Archive for January, 2016

How can you predict an election by interviewing only 400 people?

This might be the most commonly asked question researchers get at cocktail parties (to the extent that researchers go to cocktail parties). It is also a commonly unasked question among researchers themselves: how can we predict an election by only talking to 400 people? 

The short answer is we can’t. We can never predict anything with 100% certainty from a research study or poll. The only way we could predict the election with 100% certainty would be to interview every person who will end up voting. Even then, since people might change their mind between the poll and the election we couldn’t say our prediction was 100% likely to come true.

To provide an example, if I want to flip a coin 100 times, my best estimate before I do it would be that I will get “heads” 50 times. But, it isn’t 100% certain the coin will land on heads 50 times.

The reason it is hard to comprehend how we predict elections by talking to so few people is our brains aren’t trained to understand probability. If we interview 400 people and find that 53% will vote for Hillary Clinton and 47% for Donald Trump, as long as the poll was conducted well, this result becomes our best prediction for what the vote will be. It is similar to predicting we will get 50 heads out of 100 coin tosses.  53% is our best prediction given the information we have. But, it isn’t an infallible prediction.

Pollsters provide a sampling error, which is +/-5% in this case. 400 is a bit of a magic number. It results in a maximum possible sampling error of +/-5% which has long been an acceptable standard. (Actually, we need 384 interviews for that, but researchers will use 400 instead because it sounds better.)

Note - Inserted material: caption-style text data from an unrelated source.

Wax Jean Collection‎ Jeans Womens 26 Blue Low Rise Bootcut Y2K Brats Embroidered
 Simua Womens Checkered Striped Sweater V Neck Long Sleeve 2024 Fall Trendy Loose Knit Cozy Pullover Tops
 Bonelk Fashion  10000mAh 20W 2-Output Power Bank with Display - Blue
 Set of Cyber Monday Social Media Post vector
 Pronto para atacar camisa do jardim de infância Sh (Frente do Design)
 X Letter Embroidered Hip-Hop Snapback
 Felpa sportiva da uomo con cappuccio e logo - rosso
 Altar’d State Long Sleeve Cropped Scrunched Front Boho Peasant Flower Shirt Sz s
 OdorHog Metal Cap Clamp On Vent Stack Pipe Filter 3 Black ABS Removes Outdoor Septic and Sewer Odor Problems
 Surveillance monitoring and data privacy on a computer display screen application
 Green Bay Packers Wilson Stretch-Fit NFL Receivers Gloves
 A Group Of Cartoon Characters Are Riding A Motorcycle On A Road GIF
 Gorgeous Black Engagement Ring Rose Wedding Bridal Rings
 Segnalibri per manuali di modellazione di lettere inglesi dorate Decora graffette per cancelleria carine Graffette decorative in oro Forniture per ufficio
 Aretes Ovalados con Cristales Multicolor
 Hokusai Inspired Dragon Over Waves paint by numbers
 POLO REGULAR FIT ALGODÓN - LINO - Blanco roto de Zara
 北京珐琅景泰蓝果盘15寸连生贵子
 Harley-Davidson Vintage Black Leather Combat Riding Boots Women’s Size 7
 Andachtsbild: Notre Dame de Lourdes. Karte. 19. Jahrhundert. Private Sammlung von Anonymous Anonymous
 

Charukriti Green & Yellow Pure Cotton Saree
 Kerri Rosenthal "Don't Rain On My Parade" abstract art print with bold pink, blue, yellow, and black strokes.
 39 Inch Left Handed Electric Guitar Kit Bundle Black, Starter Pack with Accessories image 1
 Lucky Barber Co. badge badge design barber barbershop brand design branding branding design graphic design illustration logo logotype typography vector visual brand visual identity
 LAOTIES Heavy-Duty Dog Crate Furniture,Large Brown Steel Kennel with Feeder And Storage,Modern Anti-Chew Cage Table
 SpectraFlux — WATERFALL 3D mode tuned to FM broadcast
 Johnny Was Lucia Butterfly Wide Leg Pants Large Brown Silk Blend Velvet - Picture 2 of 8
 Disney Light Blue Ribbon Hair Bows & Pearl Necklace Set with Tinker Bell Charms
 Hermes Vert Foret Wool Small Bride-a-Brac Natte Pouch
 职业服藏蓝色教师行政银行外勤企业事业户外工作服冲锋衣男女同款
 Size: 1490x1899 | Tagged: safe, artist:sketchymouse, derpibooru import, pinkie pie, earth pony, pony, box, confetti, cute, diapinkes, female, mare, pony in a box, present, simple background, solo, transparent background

What that means is that if we repeated this poll over and over, we would expect to find Clinton to receive between 48% and 58% of the intended vote, 95% of the time. We’d expect Trump to receive between 42% and 52% of the intended vote, 95% of the time. On average though, if we kept doing poll after poll, our best guess would be if we averaged Clinton’s result it would be 53%.

In the coin flipping example, if we repeatedly flipped the coin 400 times, we should get between 45% and 55% heads 95% of the time. But, our average and most common result will be 50% heads.

Because the ranges of the election poll (48%-58% for Clinton and 42%-52% for Trump) overlap, you will often see reporters (and the candidate that is in second place) say that the poll is a “statistical dead heat.” There is no such thing as a statistical dead heat in polling unless the exact number of respondents prefer each candidate, which may never have actually happened in the history of polling.

There is a much better way to report the findings of the poll. We can statistically determine the “odds” that the 53% for Clinton is actually higher than the 47% for Trump. If we repeated the poll many times, what is the probability that the percentage we found for Clinton would be higher than what we found for Trump? In other words, what is the probability that Clinton is going to win?

The answer in this case is 91%.  Based on our example poll, Clinton has a 91% chance of winning the election. Say that instead of 400 people we interviewed 1,000. The same finding would imply that Clinton has a 99% chance of winning. This is a much more powerful and interesting way to report polling results, and we are surprised we have never seen a news organization use polling data in this way.

Returning to our coin flipping example, if we flip a coin 400 times and get heads 53% of the time, there is a 91% chance that we have a coin that is unfair, and biased towards heads. If we did it 1,000 times and got heads 53% of the time, there would be a 99% chance that the coin is unfair. Of course, a poll is a snapshot in time. The closer it is to the election, the more likely it is that the numbers will not change.  And, polling predictions assume many things that are rarely true:  that we have a perfect random sample, that all subgroups respond at the same rate, that questions are clear, that people won’t change their mind on Election Day, etc.

So, I guess the correct answer to “how can we predict the election from surveying 400 people” is “we can’t, but we can make a pretty good guess.”